Captioned web image data
- - - - - - -
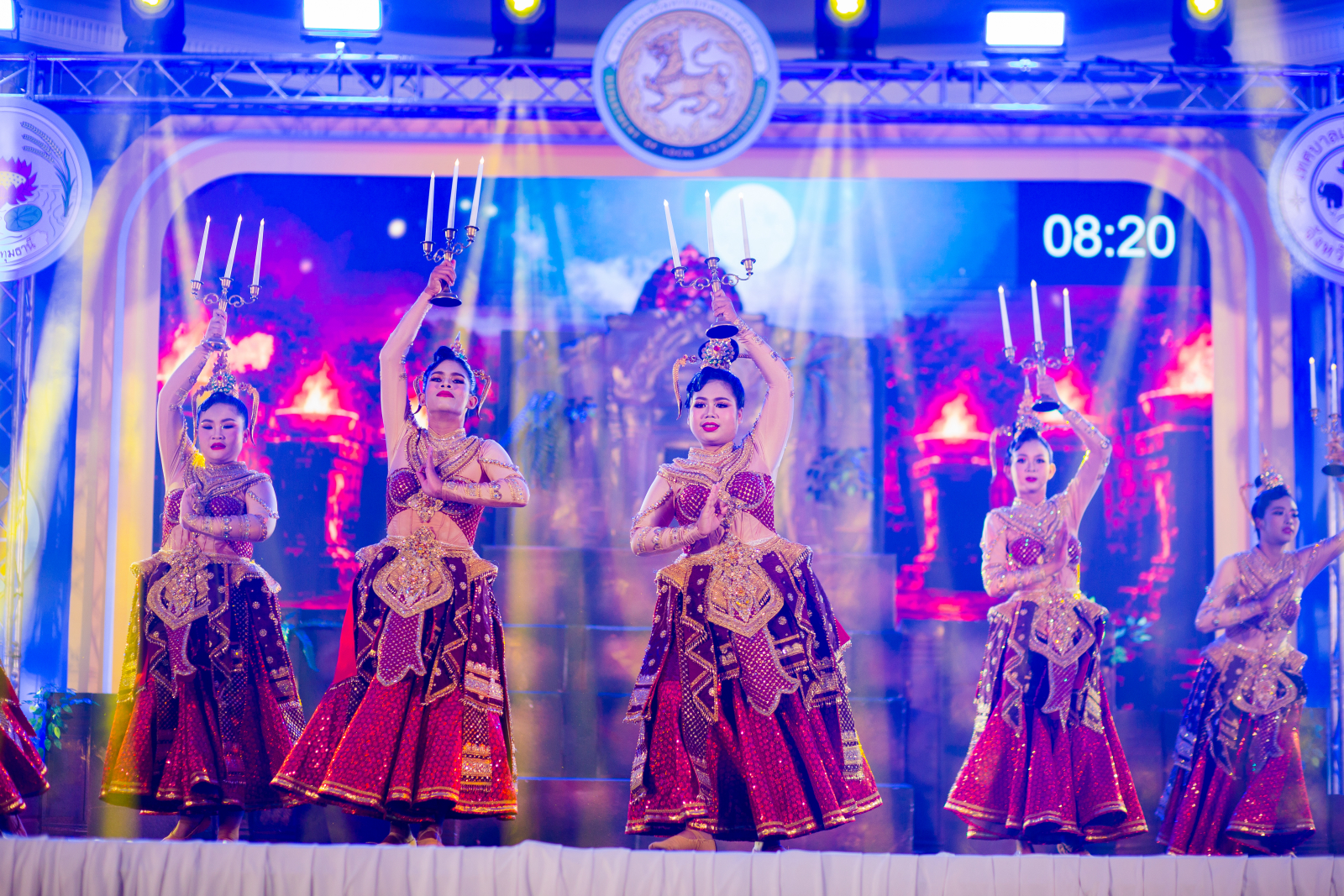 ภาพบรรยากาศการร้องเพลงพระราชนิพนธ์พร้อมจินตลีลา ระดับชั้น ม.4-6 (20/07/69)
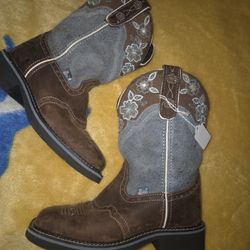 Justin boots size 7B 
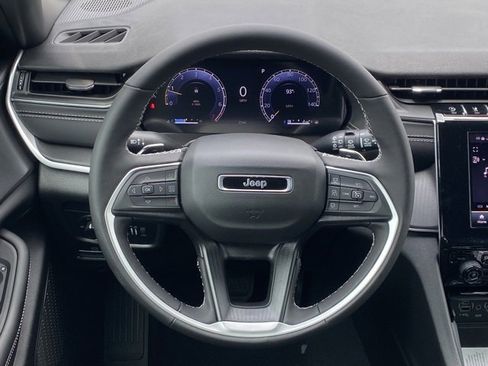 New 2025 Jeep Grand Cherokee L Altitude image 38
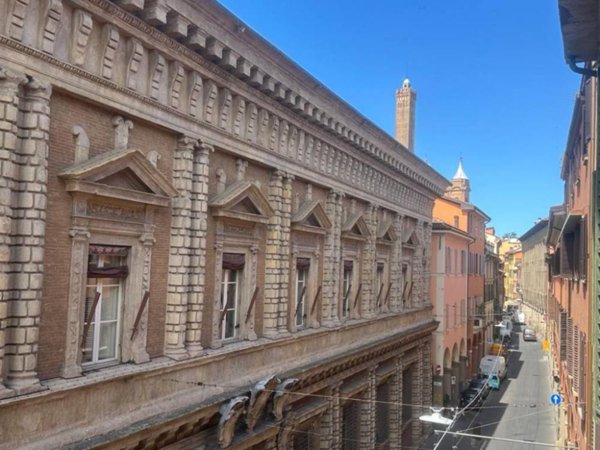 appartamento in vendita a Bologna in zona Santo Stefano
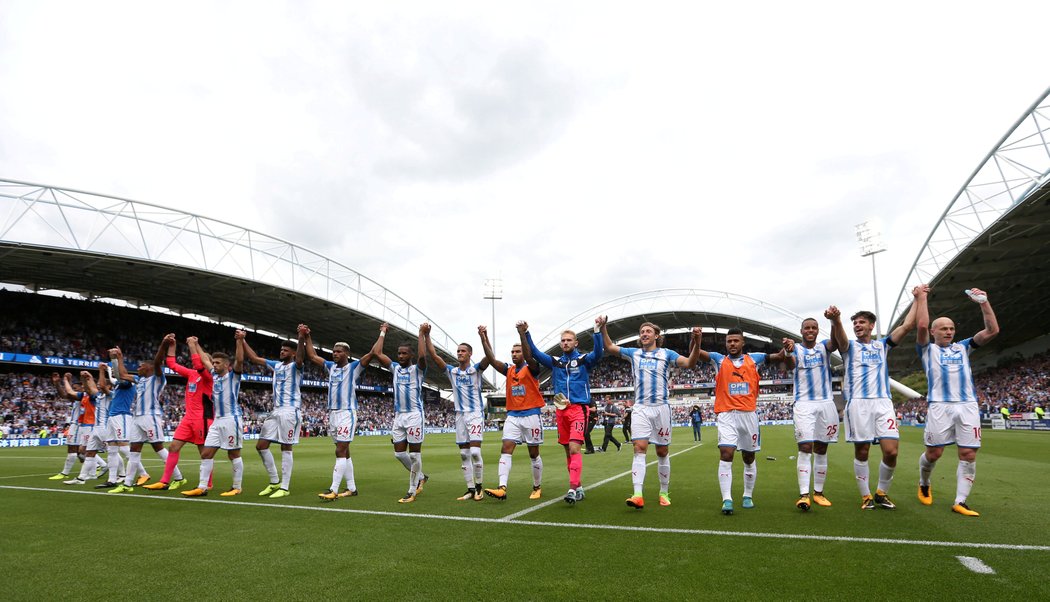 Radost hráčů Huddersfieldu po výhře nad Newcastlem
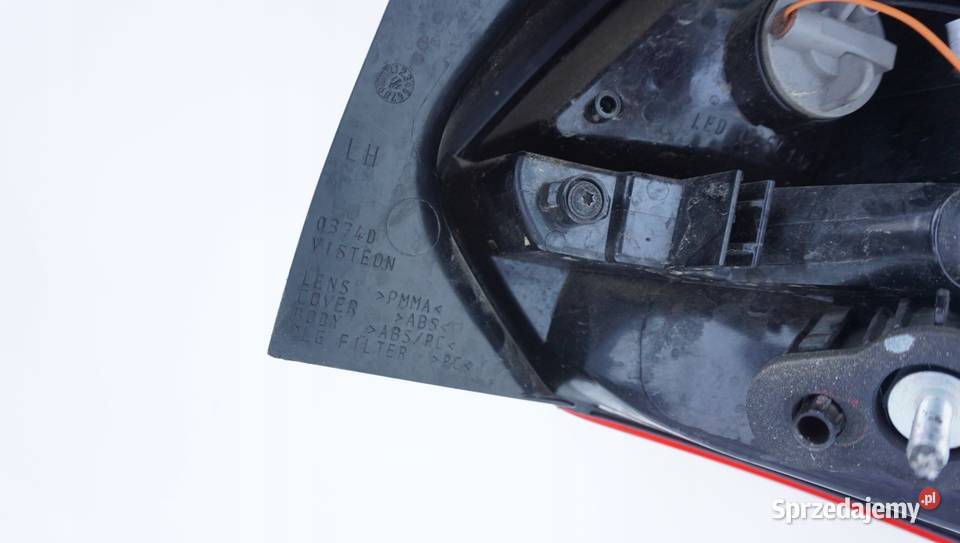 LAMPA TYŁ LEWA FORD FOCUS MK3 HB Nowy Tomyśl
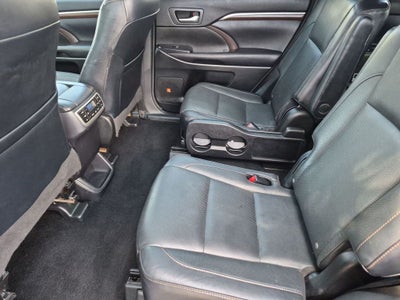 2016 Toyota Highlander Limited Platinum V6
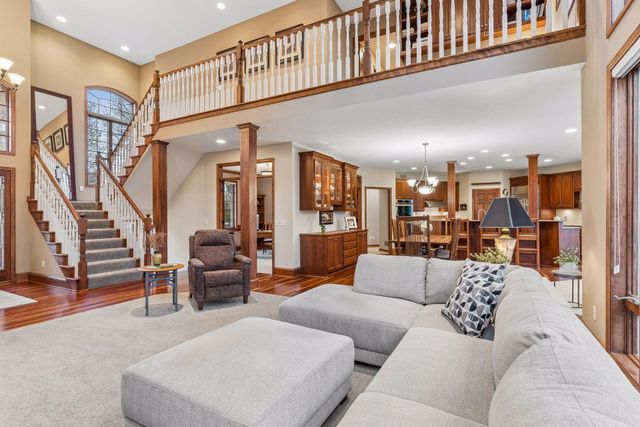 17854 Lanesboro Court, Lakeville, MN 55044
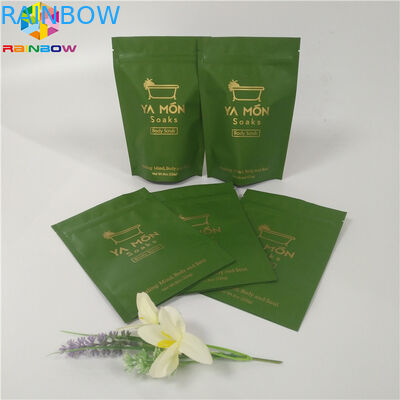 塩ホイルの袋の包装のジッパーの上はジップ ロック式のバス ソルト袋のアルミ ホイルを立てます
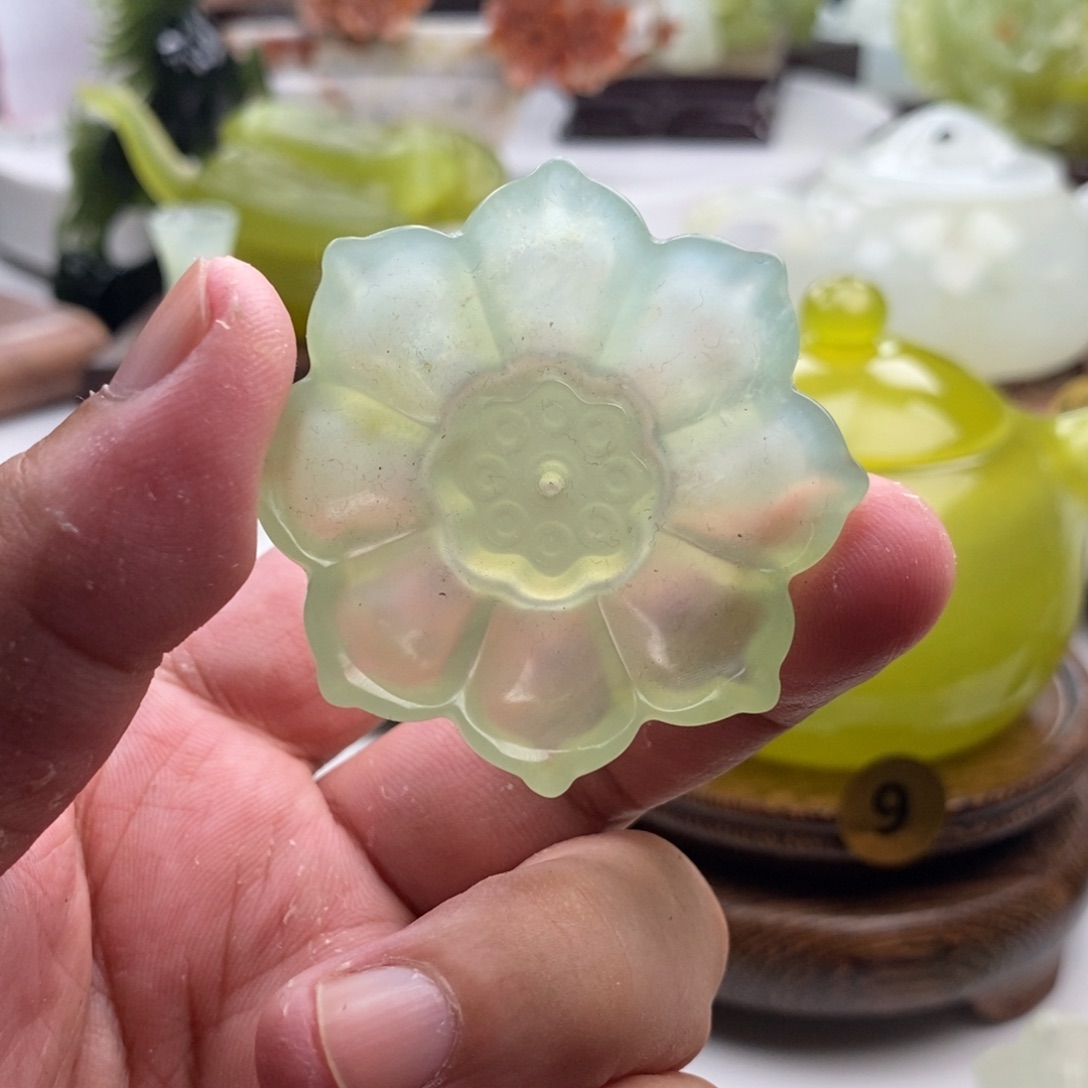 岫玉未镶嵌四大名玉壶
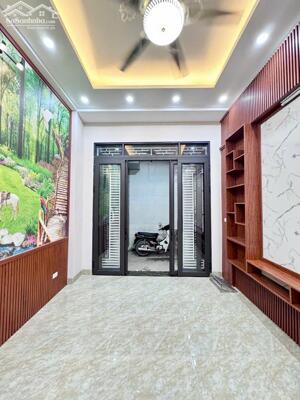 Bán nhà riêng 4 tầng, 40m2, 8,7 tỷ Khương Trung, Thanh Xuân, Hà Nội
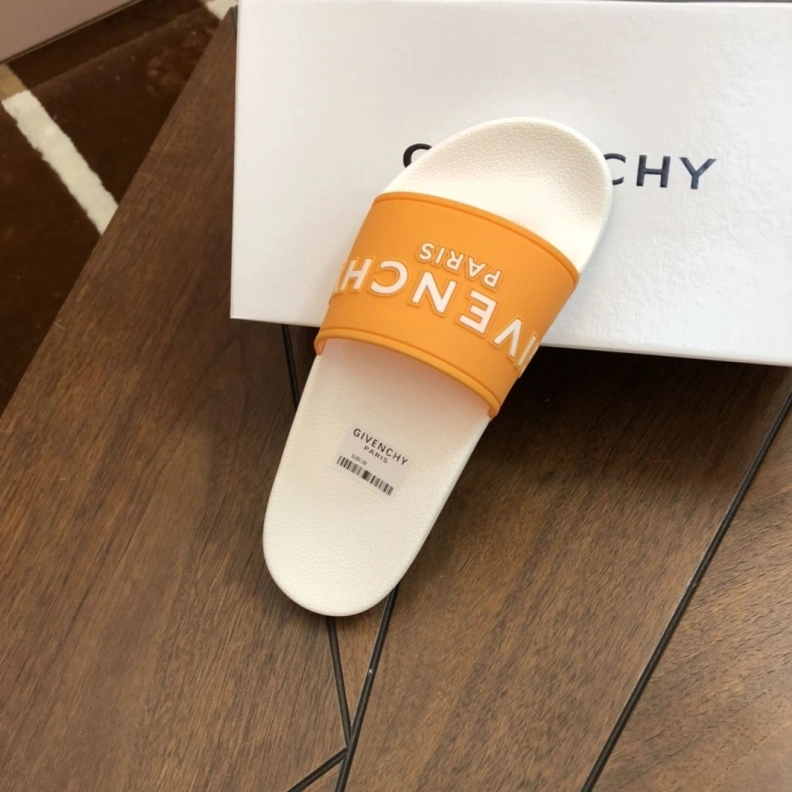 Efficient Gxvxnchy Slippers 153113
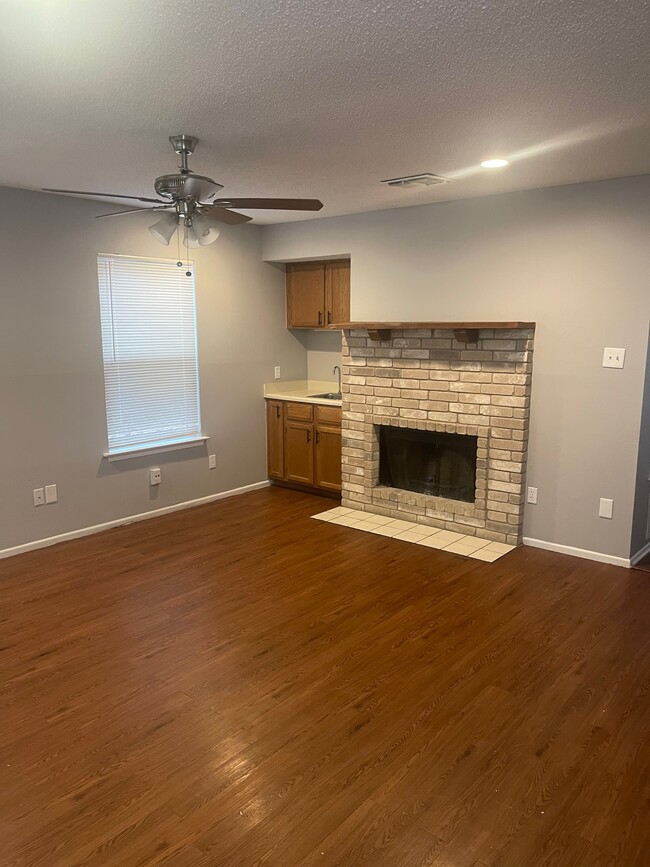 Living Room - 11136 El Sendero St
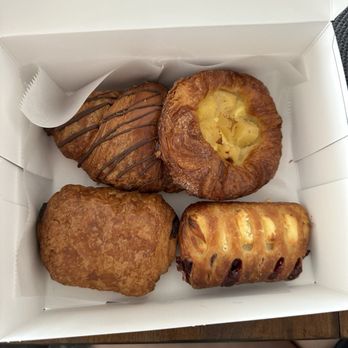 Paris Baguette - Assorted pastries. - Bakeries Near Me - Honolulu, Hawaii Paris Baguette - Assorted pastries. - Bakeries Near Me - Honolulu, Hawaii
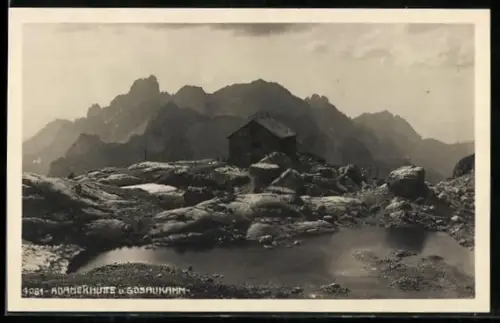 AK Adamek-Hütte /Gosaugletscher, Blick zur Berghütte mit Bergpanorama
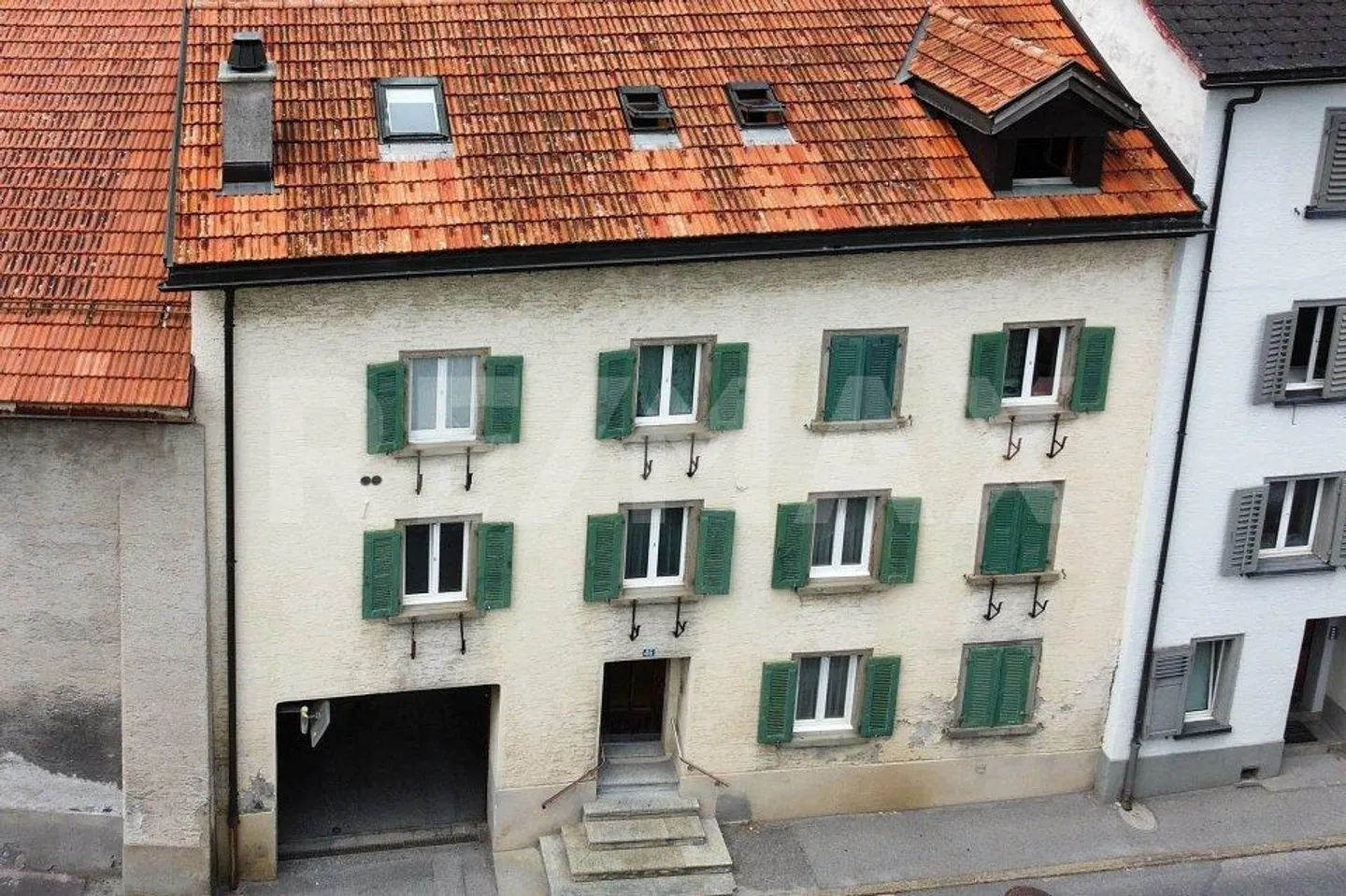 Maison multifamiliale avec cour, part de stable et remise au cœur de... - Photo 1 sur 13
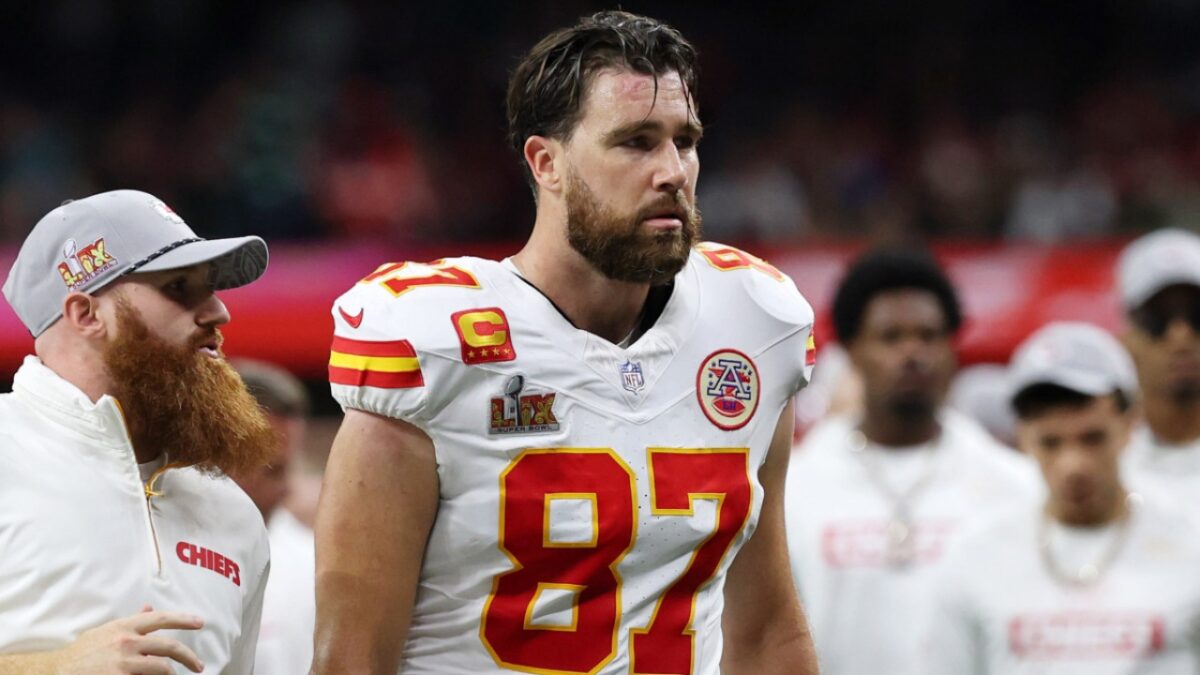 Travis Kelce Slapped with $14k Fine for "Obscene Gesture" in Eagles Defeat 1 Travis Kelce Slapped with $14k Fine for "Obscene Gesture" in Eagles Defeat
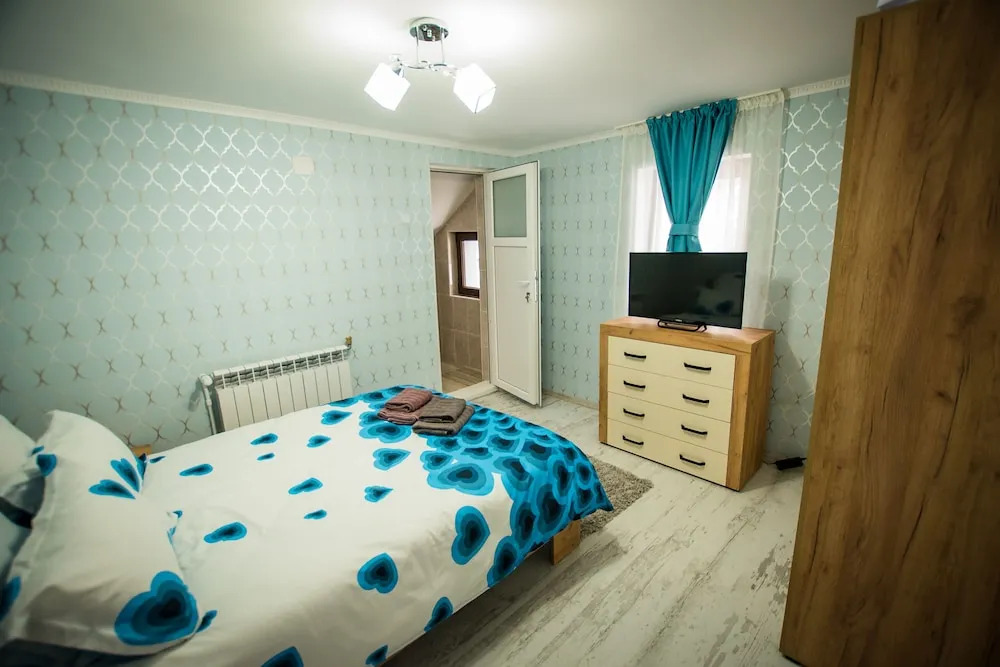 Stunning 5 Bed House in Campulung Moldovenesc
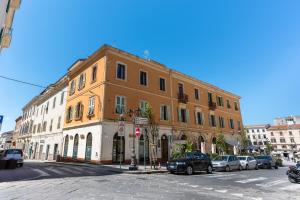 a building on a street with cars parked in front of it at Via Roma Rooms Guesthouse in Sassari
- - - - - - -
For this task, give again exactly the lines from the line with "Stunning 5 Bed" through the end of the entries, including both ends, and omit the pictures.

 Stunning 5 Bed House in Campulung Moldovenesc
 a building on a street with cars parked in front of it at Via Roma Rooms Guesthouse in Sassari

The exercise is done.